National Institute of Technology Rourkela

राष्ट्रीय प्रौद्योगिकी संस्थान राउरकेला

ଜାତୀୟ ପ୍ରଯୁକ୍ତି ପ୍ରତିଷ୍ଠାନ ରାଉରକେଲା

An Institute of National Importance

Seminar Details

Seminar Title:
Attention Mechanism to Enhance Feature Extraction for Stroke Lesion Segmentation From Brain MRI Images
Seminar Type:
Progress Seminar
Department:
Computer Science and Engineering
Speaker Name:
Anita Saini ( Rollno : 521cs2006)
Speaker Type:
Student
Venue:
Convention Hall (CS Department)
Date and Time:
31 Jul 2024 4.15 PM
Contact:
Dr. Puneet Kumar Jain
Abstract:

Automatic stroke lesion segmentation from brain MRI images is crucial for computer-aided diagnosis, enabling physicians to make timely and accurate medical decisions. However, lesion segmentation is challenging due to variations in lesion size, location, number, and irregular boundaries.

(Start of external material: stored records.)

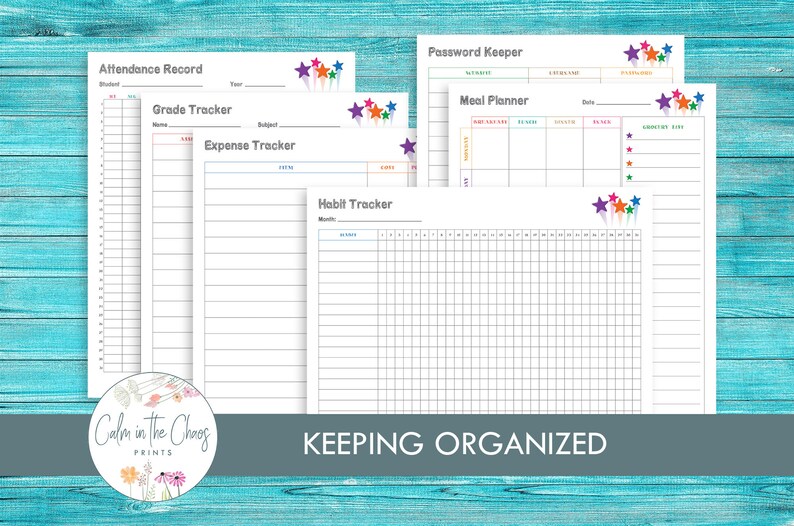 May include: Printable planner pages with colorful star accents. The pages include sections for attendance, grades, expenses, habits, passwords, and meal planning. The text "Keeping Organized" is at the bottom of the page.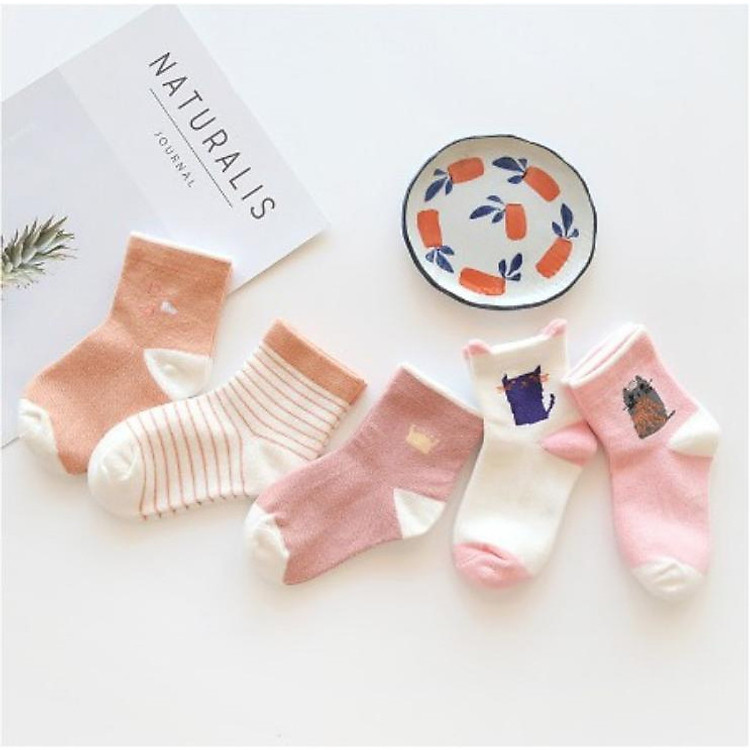 Set 5 Đôi Vớ Chống Trượt Cao Cổ Cho Bé - Hồng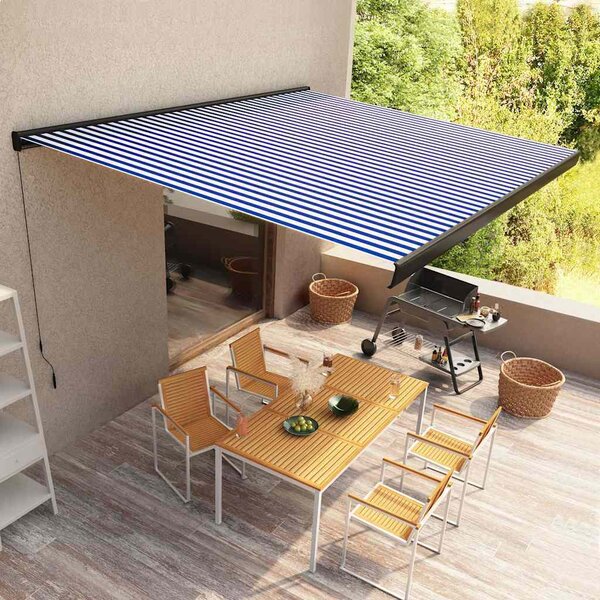 VidaXL Kazetová markýza s ručním ovládáním [274874] Barva: oranžová a hnědá (antracitový rám), Velikost: 3,5 x 2,5 m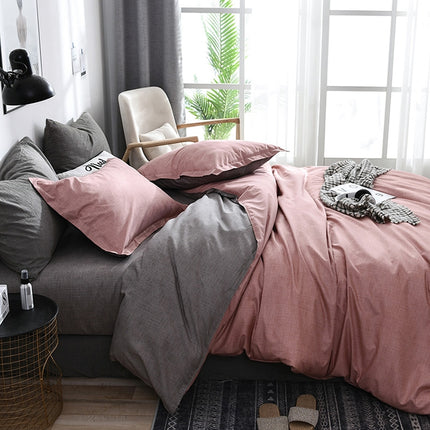 Bedding Set Solid Plaid Side Bed Comforter Duvet Cover Sheet Set, Size:168*229cm(1x Pillowcase,1xQuilt）(Pink)-garmade.com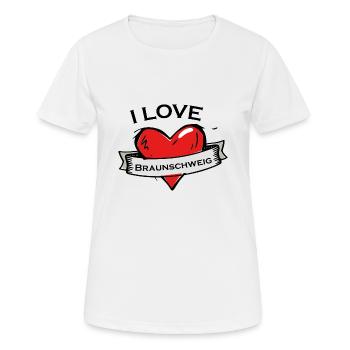 Braunschweig - Ich liebe Stadtnamen in Tattoo Stil - Frauen T-Shirt atmungsaktiv - Weiß - Vorne - AI Model Female 172 dark (172cm)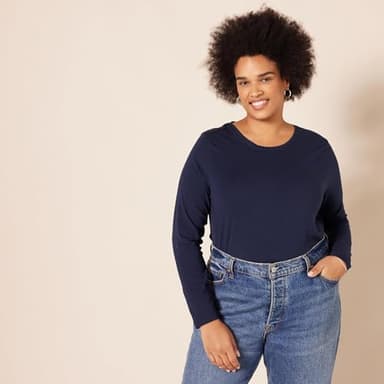 Amazon Essentials Women's Regular-Fit Long-Sleeve Crewneck T-Shirt (Available in Plus Size), Navy, X-Small - Image 6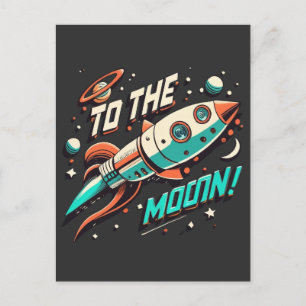 Vintage-Rakete zum Mond Postkarte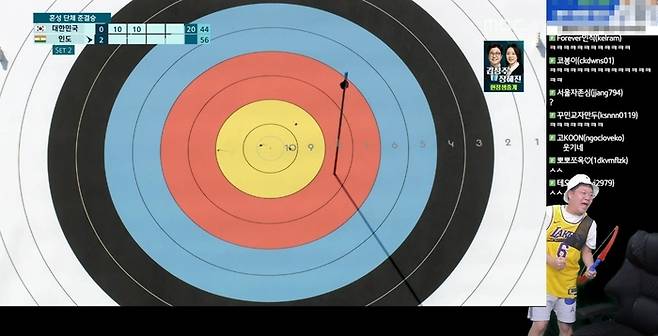 지난 2일 스트리머 ‘감스트’가 아프리카TV에서 대한민국 양국 국가대표팀 올림픽 경기 소통 중계를 하는 모습 [사진 = 숲]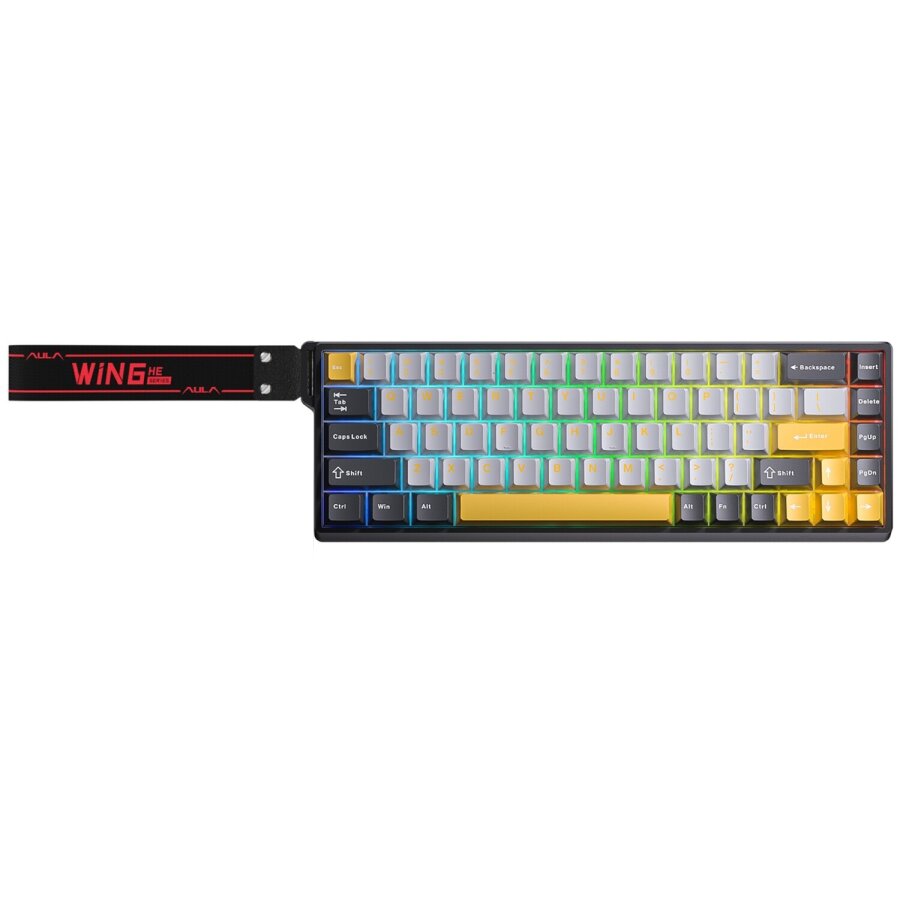 Aula Win68 He Max Manyetik Klavye Rapid Trigger Wing Chun Switch 8000Hz RGB TKL Hot Swap Oyuncu Klavyesi Sarı - 3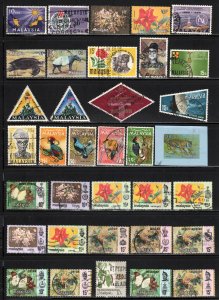 Malaysia ~ Group of 69 Different Stamps - MX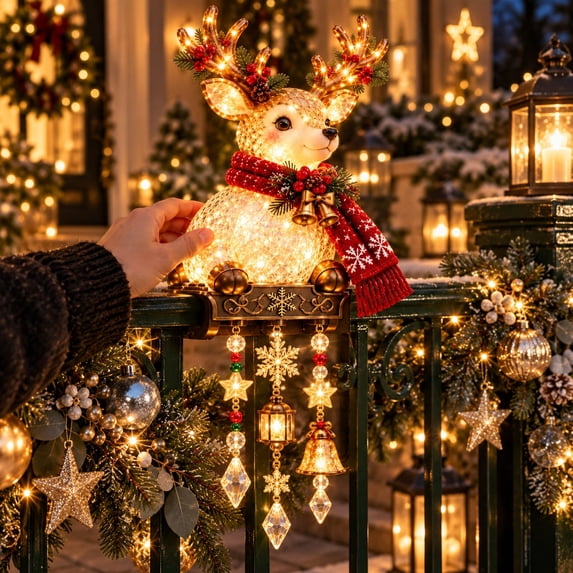 Winter Glow Reindeer Icicle Light Decor Christmas Decor, LED Reindeer Design Christmas Outdoor Decorations, Waterproof Hanging Christmas Lights for Porch, Yard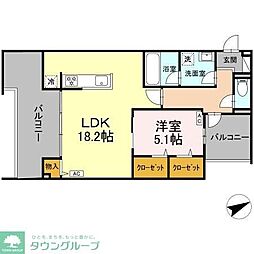 D-residence稲城 206 2階1LDKの間取り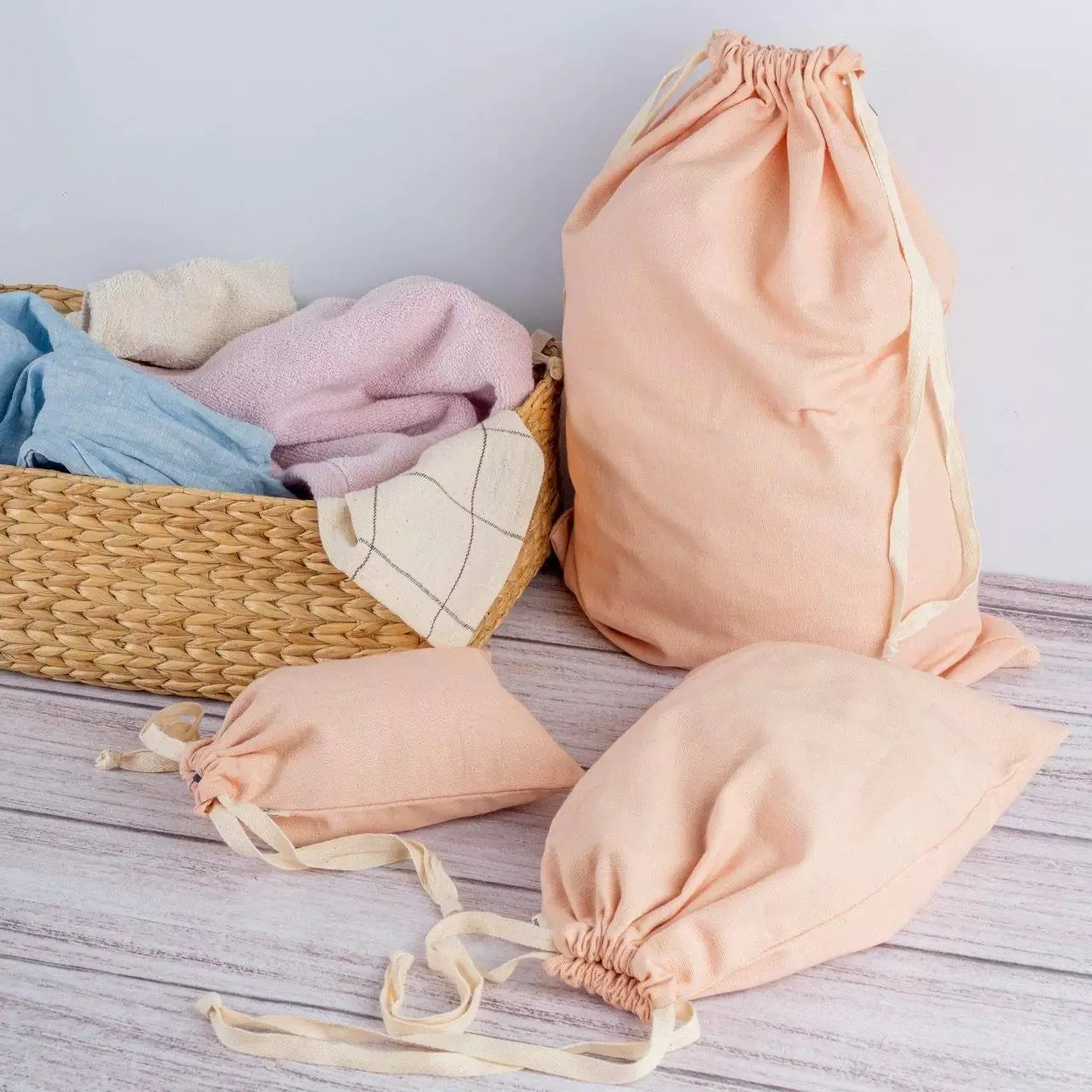 Organic cotton draw string bags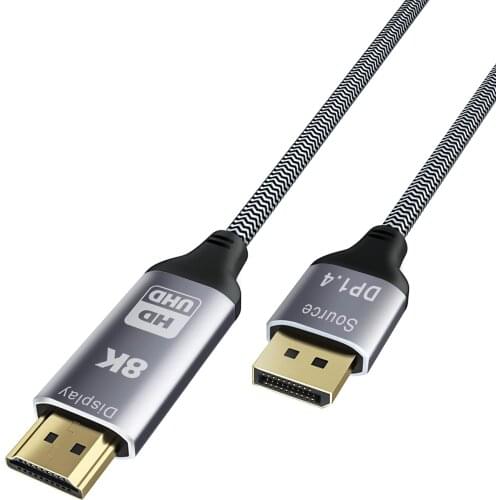 CableDeconn DisplayPort 1.4 to HDMI 2.1 8K Cable Converter 8K@30Hz 4K@120Hz Directional Compatible 1.8m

To address these challenges, this paper proposes a quadruple attention mechanism that leverages global self-attention and multi-scale triplet attention modules to enhance feature extraction. This quadruple module is integrated into the encoder and decoder of the U-Net architecture. The proposed quadruple attention mechanism improves the localization of both local and global features, resulting in better lesion segmentation than existing attention mechanisms. Additionally, a CBAM attention module is incorporated into the U-Net&rsquos bottleneck, improving the retention of small-scale features in the final layer. Evaluation on the publicly available ISLES22 dataset shows that the proposed method outperforms various state-of-the-art methods for stroke lesion segmentation. Furthermore, the lightweight U-Net architecture with approximately 2 million parameters surpassed most existing methods, demonstrating the efficiency of the proposed attention mechanism. Implementing such an efficient method will pave the way for automated and reliable computer-aided diagnosis, ultimately reducing the burden on limited medical facilities and improving patient diagnostic outcomes.